It is true that conventional analyses largely discard any sense of the performer’s physical execution beyond the resulting hammer strikes. Acoustically speaking, though, this approach has merit: in the 1920s, Otto Ortmann (1925) demonstrated that keys played percussively (in which a moving finger strikes the key) exhibit a different pattern of motion than those played non-percussively (when the finger begins at rest on the key surface), but Goebl et al. (2004) showed that apart from a characteristic noise of the finger striking the key, percussive and non-percussive notes of the same velocity are indistinguishable by listeners. A similar study by Suzuki (2007) showed very little spectral difference between tones played in each manner.

7.2.2 Beyond Velocity and Timing

If velocity and timing (along with pedal position) are sufficient to reproduce a piano performance with high accuracy, what then is the value of studying additional dimensions of performer motion? Doğantan-Dack (2011, p. 251) argues that the performer’s conception of a performance is inseparable from its physical execution:

I would indeed hypothesize that performers do not learn, represent and store rhythmic-melodic units without their accompanying gestural and expressive dimensions. As distinct from the listener’s experience and knowledge of such local musical forms, the performer, in order to be able to unfold the dynamic shape of the musical unit from beginning to end as in one single, unified impulse, needs a kind of continuous knowledge representation that is analogue and procedural rather than declarative.... The performer does not come to know the rhythmic-melodic forms they express in sound separately from the physical gestures and movements required to bring them about. Any gesture made to deliver a unit of music will inevitably unify the structure and expression, as well the biomechanical and affective components, which theory keeps apart.

From this perspective, measurements of piano mechanics alone will fail to capture important details of the performance’s original expressive conception. Measuring key touch as a continuous gestural process rather than a sequence of discrete events may better preserve some of these details. Of course, gesture measurement can be carried further still, even beyond the keyboard: for example, Castellano et al. (2008) found links between pianists’ emotional expression and their body and head movements. For our present purposes, measuring continuous motion at the keyboard provides an appropriate amount of expressive detail while retaining links to traditional methods of analysing piano performance.

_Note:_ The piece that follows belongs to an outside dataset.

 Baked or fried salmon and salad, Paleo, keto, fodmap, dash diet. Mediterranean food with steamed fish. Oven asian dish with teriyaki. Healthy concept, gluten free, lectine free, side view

Some authors have previously examined touch as a continuous entity. Parncutt and Troup (2002) discuss mechanical constraints in playing complex multi-note passages, and also examine the contribution of auxiliary contact noises (finger-key, key-keybed, hammer-string) to the perception of piano sound; the amplitude and timing of these noises often depends heavily on the type of touch used. Goebl and Bresin (2001), in examining the reproduction accuracy of MIDI-controlled acoustic pianos, contrast the continuous velocity profile of a human key press with its mechanical reproduction. On the commercial side, Bösendorfer CEUS pianos have the ability to record continuous key position (Goebl et al. 2008), but thus far few detailed studies have made use of this data.

7.3 Measuring Gesture Within a Key Press

To better understand the expressive dimensions of key touch, it is necessary to break the abstraction of a key press as discrete event. To this end, we have developed a new hardware and software system which can be retrofitted to any piano to measure the continuous position of each key.

7.3.1 Optical Sensor Hardware

Our sensor system (McPherson and Kim 2010) is based on a modified Moog Piano Bar, a device which installs atop an acoustic piano keyboard to provide MIDI data. Internally, the Piano Bar uses optical reflectance sensors on the white keys and beam interruption sensors on the black keys to measure the position of each key (Fig. 7.1). The Piano Bar generates discrete key press and release events from this information, but we instead sample the raw sensor values to provide a continuous stream of position information. The position of each key is recorded 600 times per second with 12-bit resolution (closer to 10 bits in practice due to limited signal range).

Fig. 7.1
figure 1

Optical reflectance and break-beam sensors measure continuous key position

7.3.2 Data Segmentation and Analysis

The 600 Hz sample rate is sufficient to capture several position values during the brief interval the key is in motion, recording not just its velocity but its shape (continuous time-position profile). Key press events can be extracted in real time from the position data stream by simple thresholding to identify the start of a press, followed by peak detection to identify the point of impact with the key bed. Once the start and end points of the press have been identified, higher-level features can be extracted, including (MIDI-like) velocity, peaks and troughs in the continuous velocity curve (indicating percussively-played notes), and the position of the key immediately following the key bed impact (which is proportional to the force exerted by the player). See McPherson and Kim (2011) for further details.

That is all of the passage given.